:: Material provided ::
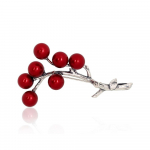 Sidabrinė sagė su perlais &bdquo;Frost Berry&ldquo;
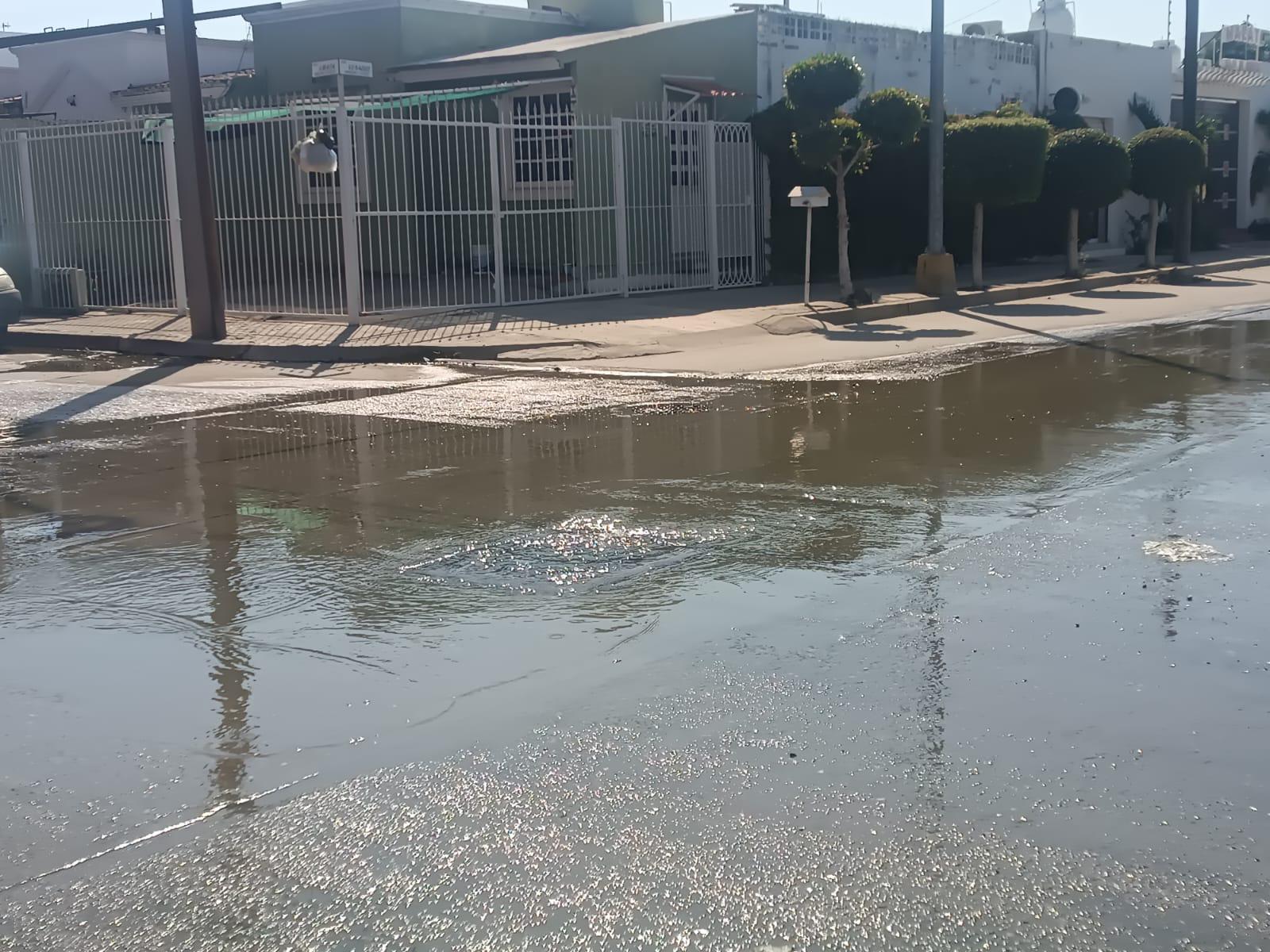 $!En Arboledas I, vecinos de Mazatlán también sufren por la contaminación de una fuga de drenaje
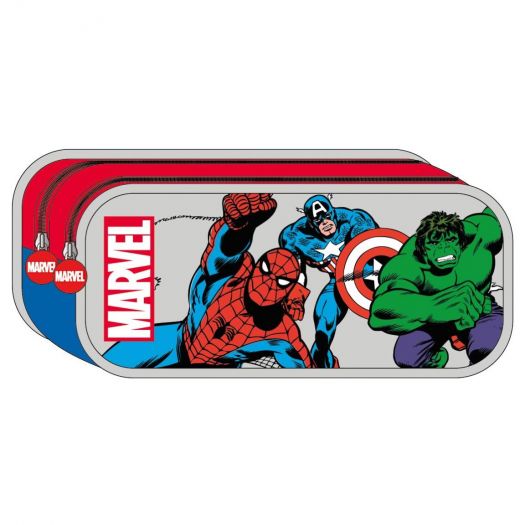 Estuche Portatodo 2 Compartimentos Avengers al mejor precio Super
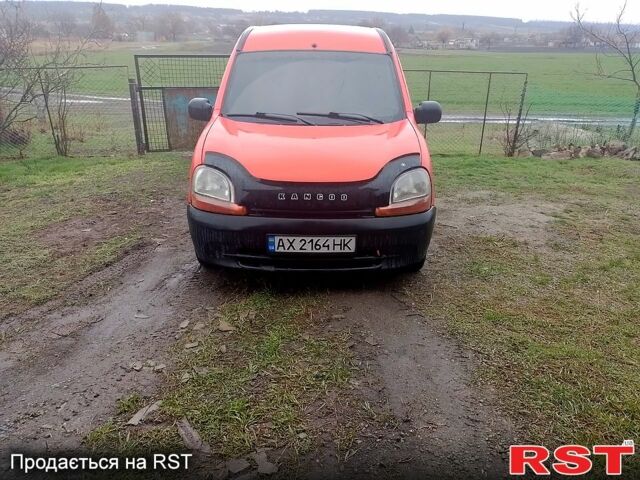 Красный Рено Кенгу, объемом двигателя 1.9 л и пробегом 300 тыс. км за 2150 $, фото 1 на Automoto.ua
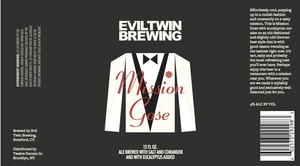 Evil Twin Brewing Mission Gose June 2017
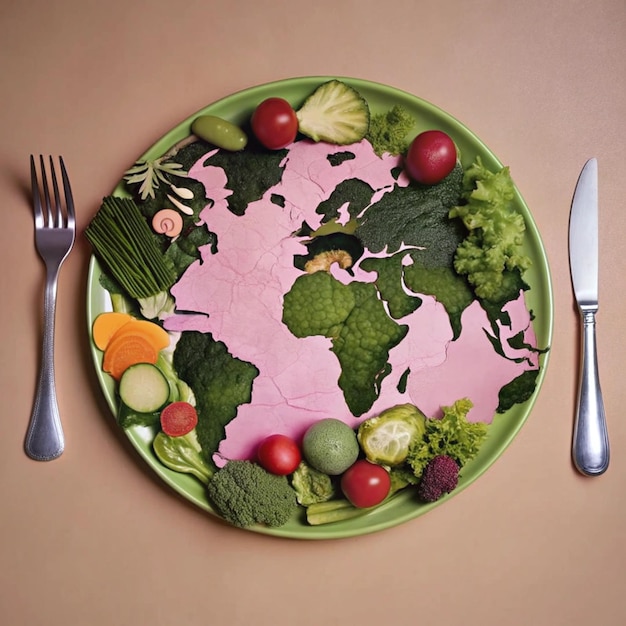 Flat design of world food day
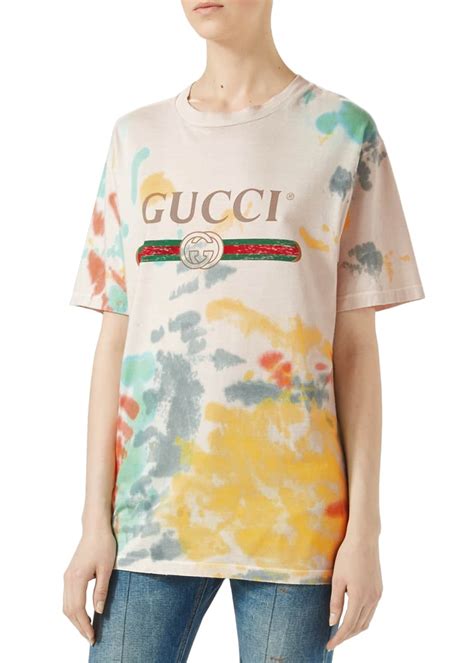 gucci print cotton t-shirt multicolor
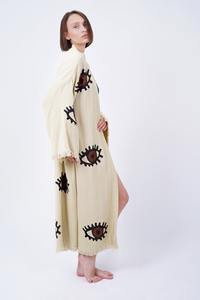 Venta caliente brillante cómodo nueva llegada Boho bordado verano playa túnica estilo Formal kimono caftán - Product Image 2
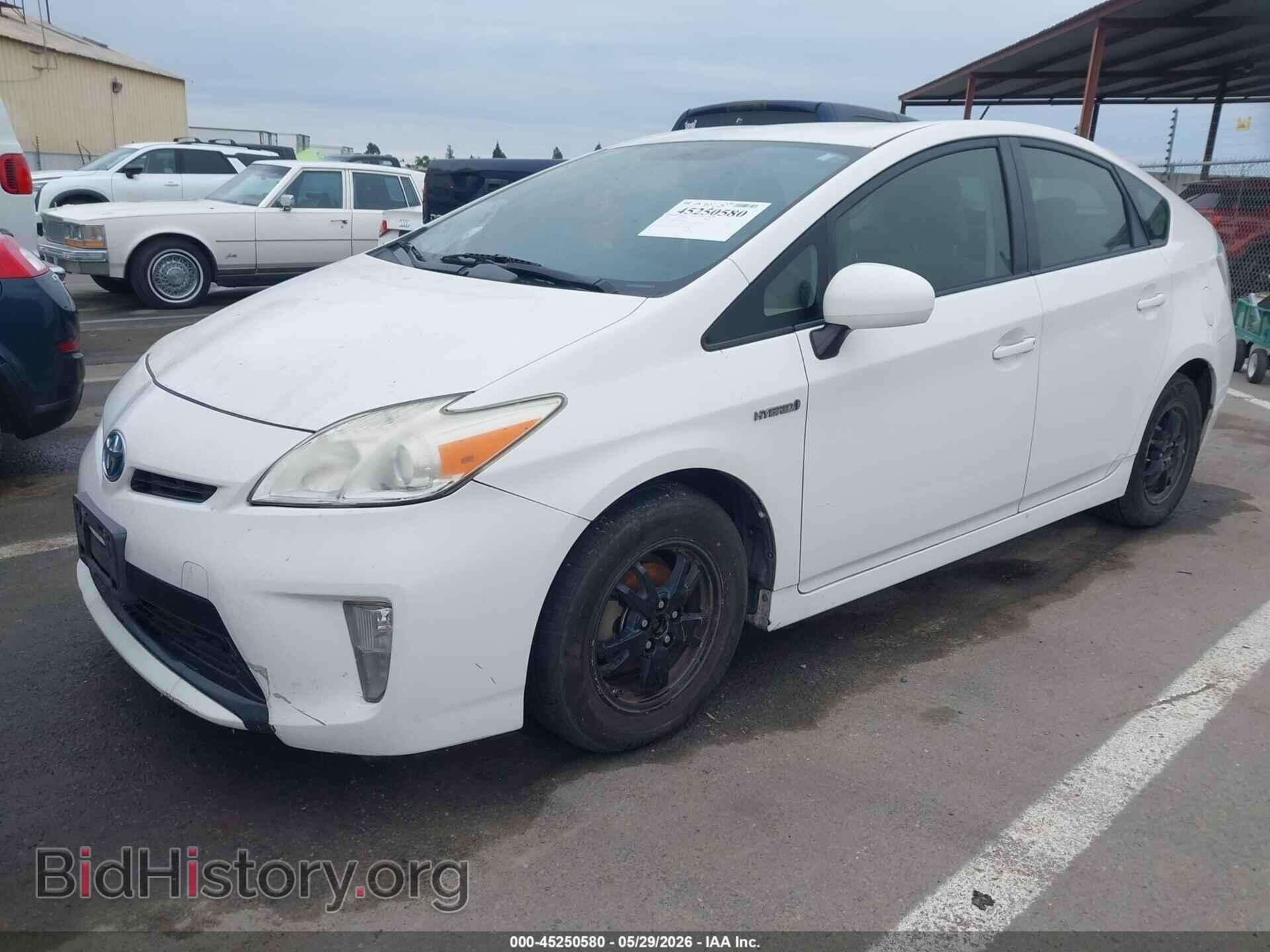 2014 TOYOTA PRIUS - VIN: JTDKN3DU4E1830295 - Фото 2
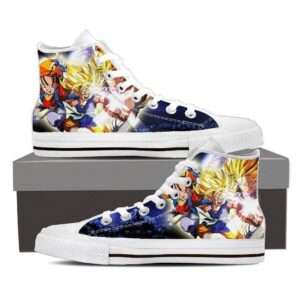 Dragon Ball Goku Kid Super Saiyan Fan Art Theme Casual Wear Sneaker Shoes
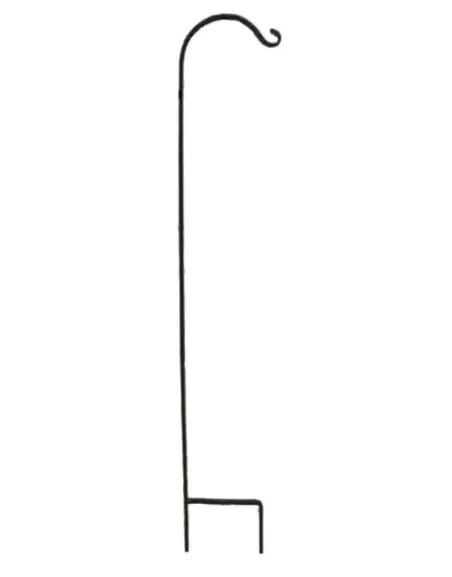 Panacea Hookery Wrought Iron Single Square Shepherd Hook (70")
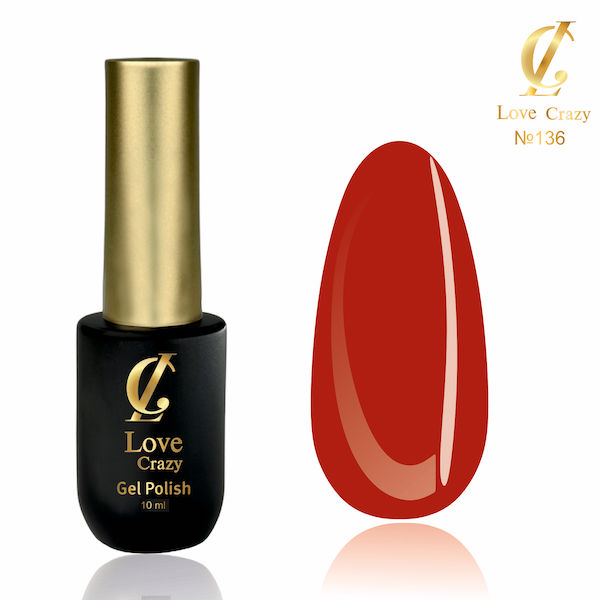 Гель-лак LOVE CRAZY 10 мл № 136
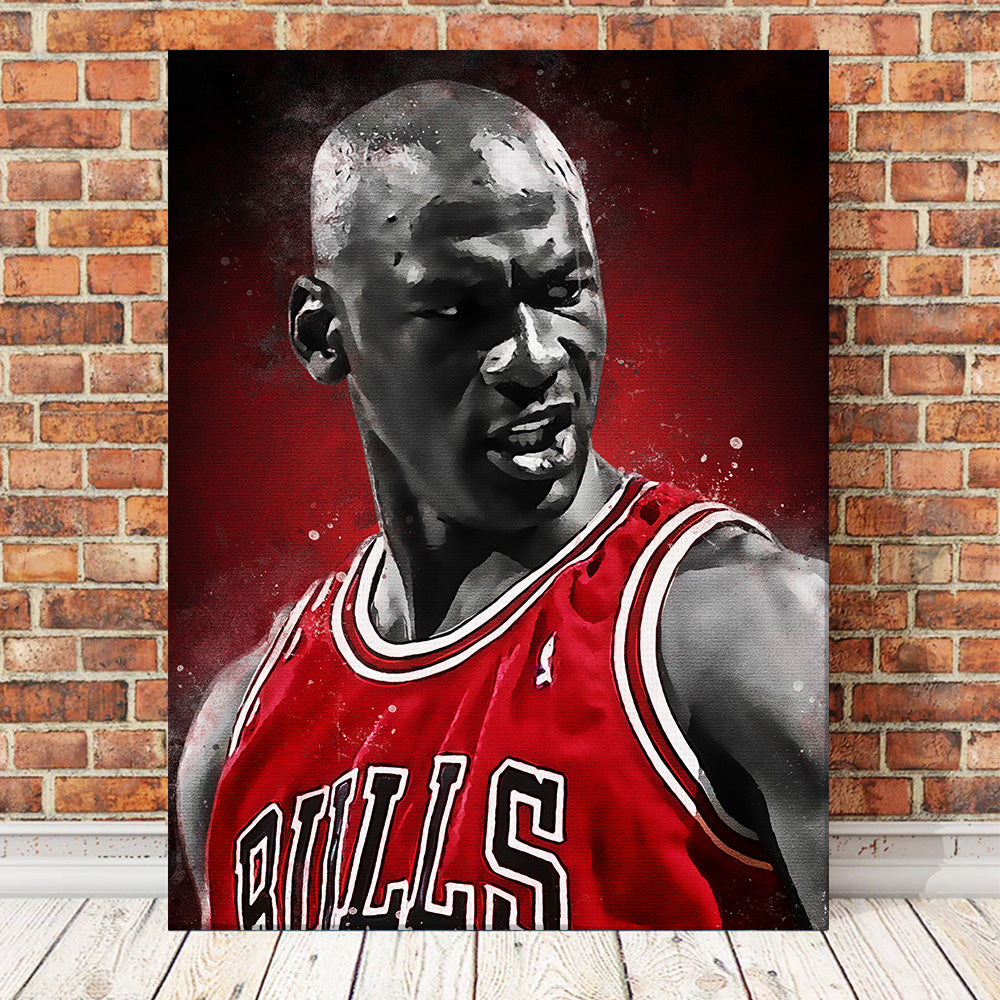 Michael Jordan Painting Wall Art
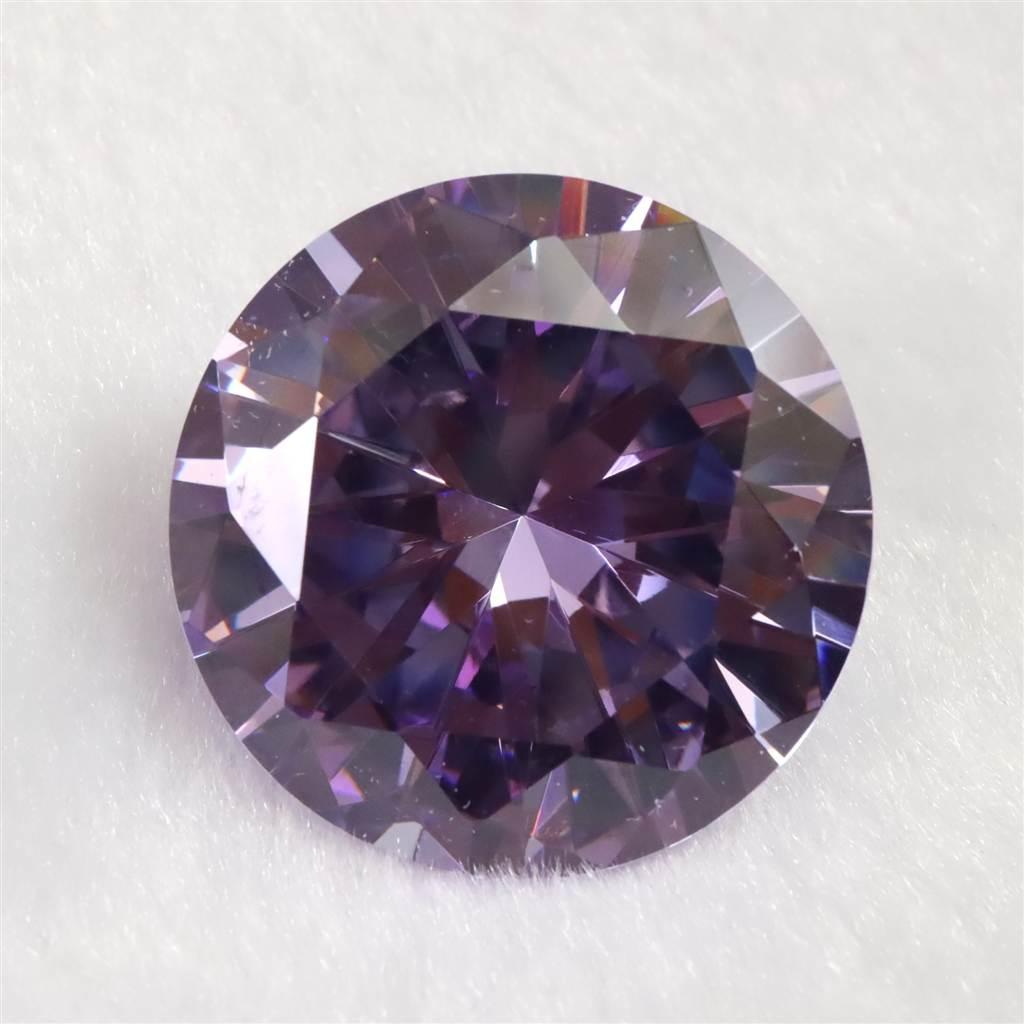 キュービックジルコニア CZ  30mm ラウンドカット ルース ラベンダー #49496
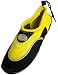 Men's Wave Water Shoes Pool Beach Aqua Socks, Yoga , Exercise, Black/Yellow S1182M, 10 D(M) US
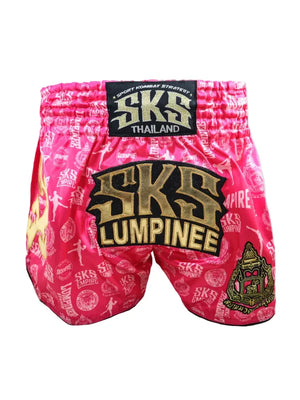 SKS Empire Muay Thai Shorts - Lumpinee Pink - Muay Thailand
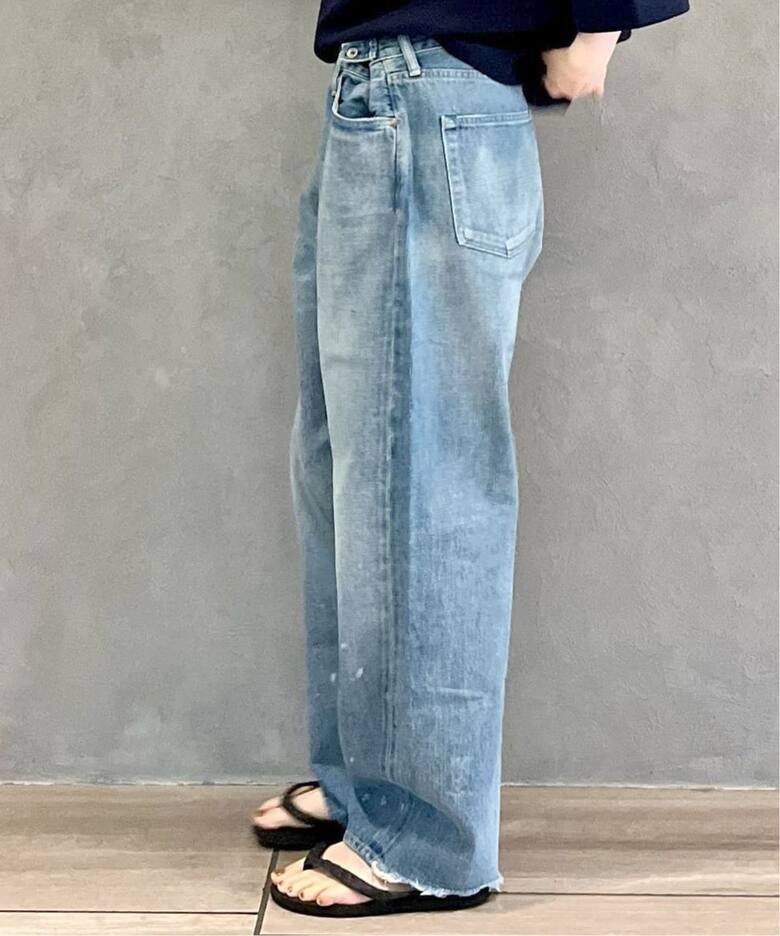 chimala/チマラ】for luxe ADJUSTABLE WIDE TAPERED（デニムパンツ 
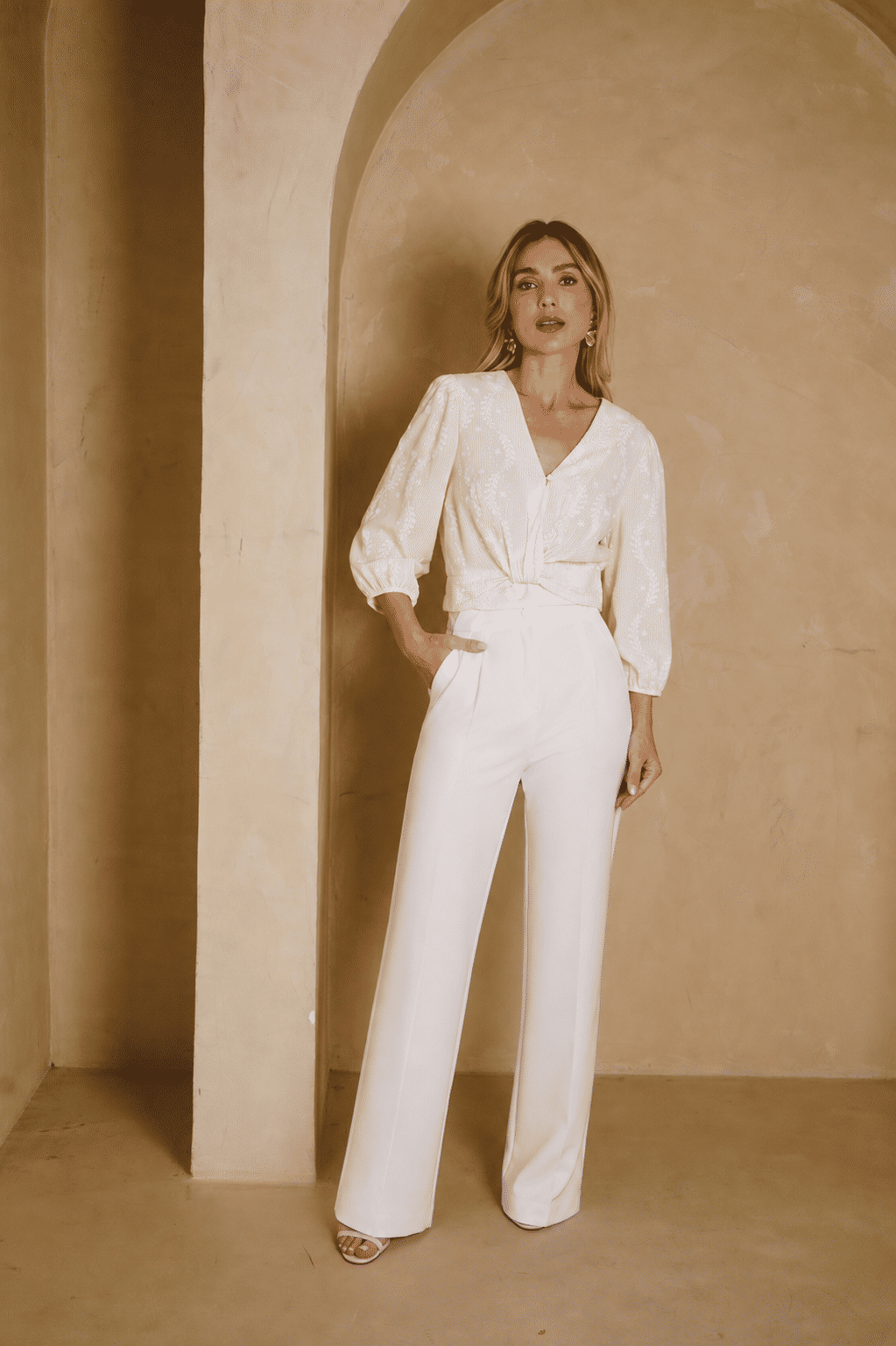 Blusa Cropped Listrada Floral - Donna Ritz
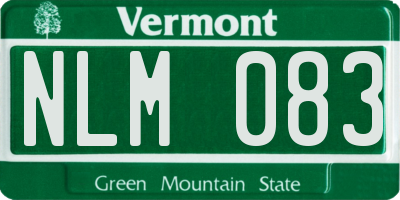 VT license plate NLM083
:::
- [Action item]:
Drop the pictures, then reproduce exactly the lines from the one with "Гель-лак LOVE CRAZY 10 мл № 136" through the final line of the listing.

- [Output]:
 Гель-лак LOVE CRAZY 10 мл № 136
 Michael Jordan Painting Wall Art
 キュービックジルコニア CZ  30mm ラウンドカット ルース ラベンダー #49496
 Men's Wave Water Shoes Pool Beach Aqua Socks, Yoga , Exercise, Black/Yellow S1182M, 10 D(M) US
 SKS Empire Muay Thai Shorts - Lumpinee Pink - Muay Thailand
 chimala/チマラ】for luxe ADJUSTABLE WIDE TAPERED（デニムパンツ 
 Blusa Cropped Listrada Floral - Donna Ritz
 VT license plate NLM083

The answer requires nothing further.